Step 1: Import Required Libraries

Let's start by importing the required libraries in the Python script:

import yaml
from urllib.parse import urlencode, urljoin
from playwright.sync_api import sync_playwright
from scrapy import Selector
from dataclasses import dataclass
import pandas as pd
import logging
import re
from rich.logging import RichHandler
import click
import sys

Step 2: Configure Logging

The script uses the logging module for better log outputs. It also uses the rich library to enhance the logging with colors and additional formatting. The logging configuration is done as follows:

logging.basicConfig(level=logging.INFO, format='%(asctime)s - %(levelname)s - %(message)s')
logger = logging.getLogger(__name__)
rich_handler = RichHandler(rich_tracebacks=True)
logging.getLogger().handlers = [rich_handler]

Step 3: Define Dataclass for Job Details

The script uses a dataclass named Job to store information about each job listing. The Job dataclass contains the following attributes: url, job_title, job_id, company_name, company_image, and job_location.

@dataclass
class Job:
    url: str
    job_title: str
    job_id: int
    company_name: str
    company_image: str
    job_location: str

Step 4: Define Global Variables

The script uses a global variable PAGE_NUMBER to keep track of the current page number while scraping job listings.

PAGE_NUMBER = 1

Step 5: Implement LinkedIn Login

Next, we implement the login_to_linkedin function, which logs in to LinkedIn using provided credentials. If the script runs in headless mode and encounters a captcha challenge, it will abort the process.
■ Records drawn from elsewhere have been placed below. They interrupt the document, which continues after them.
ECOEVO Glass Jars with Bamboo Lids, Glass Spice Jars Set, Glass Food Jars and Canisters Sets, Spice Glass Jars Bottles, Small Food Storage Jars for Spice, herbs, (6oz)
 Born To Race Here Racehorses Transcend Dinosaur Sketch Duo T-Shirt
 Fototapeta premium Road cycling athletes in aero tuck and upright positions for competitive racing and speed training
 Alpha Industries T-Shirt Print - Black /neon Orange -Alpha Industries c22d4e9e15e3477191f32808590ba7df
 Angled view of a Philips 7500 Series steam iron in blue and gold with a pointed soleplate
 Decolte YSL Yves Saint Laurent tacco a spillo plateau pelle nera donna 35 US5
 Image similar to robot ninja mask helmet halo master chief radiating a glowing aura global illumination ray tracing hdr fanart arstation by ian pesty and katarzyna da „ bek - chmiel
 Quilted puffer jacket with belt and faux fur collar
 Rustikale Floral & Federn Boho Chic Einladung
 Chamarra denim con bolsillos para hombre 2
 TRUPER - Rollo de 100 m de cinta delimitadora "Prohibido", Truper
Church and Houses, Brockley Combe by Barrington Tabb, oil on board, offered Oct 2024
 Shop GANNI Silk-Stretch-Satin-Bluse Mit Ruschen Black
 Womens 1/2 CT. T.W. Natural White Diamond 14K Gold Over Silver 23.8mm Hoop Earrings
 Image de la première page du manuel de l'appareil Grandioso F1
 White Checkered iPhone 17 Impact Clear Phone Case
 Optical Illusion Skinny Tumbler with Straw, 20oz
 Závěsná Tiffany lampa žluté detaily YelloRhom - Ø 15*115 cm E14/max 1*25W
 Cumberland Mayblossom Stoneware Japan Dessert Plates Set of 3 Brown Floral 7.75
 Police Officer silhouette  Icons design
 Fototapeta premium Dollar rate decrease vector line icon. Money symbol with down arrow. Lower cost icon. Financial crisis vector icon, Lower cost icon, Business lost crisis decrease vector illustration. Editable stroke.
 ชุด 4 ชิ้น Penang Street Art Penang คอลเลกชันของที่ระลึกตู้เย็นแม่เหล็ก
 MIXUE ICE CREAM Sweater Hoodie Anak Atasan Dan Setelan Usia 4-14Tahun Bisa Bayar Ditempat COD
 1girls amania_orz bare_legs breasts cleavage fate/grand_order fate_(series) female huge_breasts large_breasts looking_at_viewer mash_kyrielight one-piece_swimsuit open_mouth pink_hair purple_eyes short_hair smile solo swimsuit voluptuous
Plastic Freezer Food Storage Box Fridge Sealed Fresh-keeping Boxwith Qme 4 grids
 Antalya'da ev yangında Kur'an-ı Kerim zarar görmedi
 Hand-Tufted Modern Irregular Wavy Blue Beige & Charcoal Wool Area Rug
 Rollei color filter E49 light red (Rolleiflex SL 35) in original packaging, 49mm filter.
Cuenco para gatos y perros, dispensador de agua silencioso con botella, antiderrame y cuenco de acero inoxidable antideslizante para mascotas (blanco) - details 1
The function accepts the page object (Playwright page object), email, password, and headless boolean parameter.

def login_to_linkedin(page, email, password, headless):
    # Go to the LinkedIn login page
    page.goto("https://www.linkedin.com/uas/login")
    page.wait_for_load_state('load')

    # Fill in the login credentials and click the login button
    page.get_by_label("Email o teléfono").click()
    page.get_by_label("Email o teléfono").fill(email)
    page.get_by_label("Contraseña").click()
    page.get_by_label("Contraseña").fill(password)
    page.locator("#organic-div form").get_by_role("button", name="Iniciar sesión").click()
    page.wait_for_load_state('load')

    if "checkpoint/challenge" in page.url and not headless:
        logger.warning("Captcha page! Human intervention is needed!")
        # Polling loop to check if captcha is solved
        while True:
            if "checkpoint/challenge" not in page.url:
                logger.info("Captcha solved. Continuing with the rest of the process.")
                break
            page.wait_for_timeout(2000)  # Wait for 2 seconds before polling again
        page.wait_for_timeout(5000)
    else:
        logger.error("Captcha page! Aborting due to headless mode...")
        sys.exit(1)

Step 6: Scrape Jobs

The scrape_jobs function is responsible for scraping job listings based on provided search parameters. It accepts the page object (Playwright page object), params (search parameters), and last24h (boolean flag to scrape only jobs from the last 24 hours).

def scrape_jobs(page, params, last24h):
    global PAGE_NUMBER
    main_url = "https://www.linkedin.com/jobs/"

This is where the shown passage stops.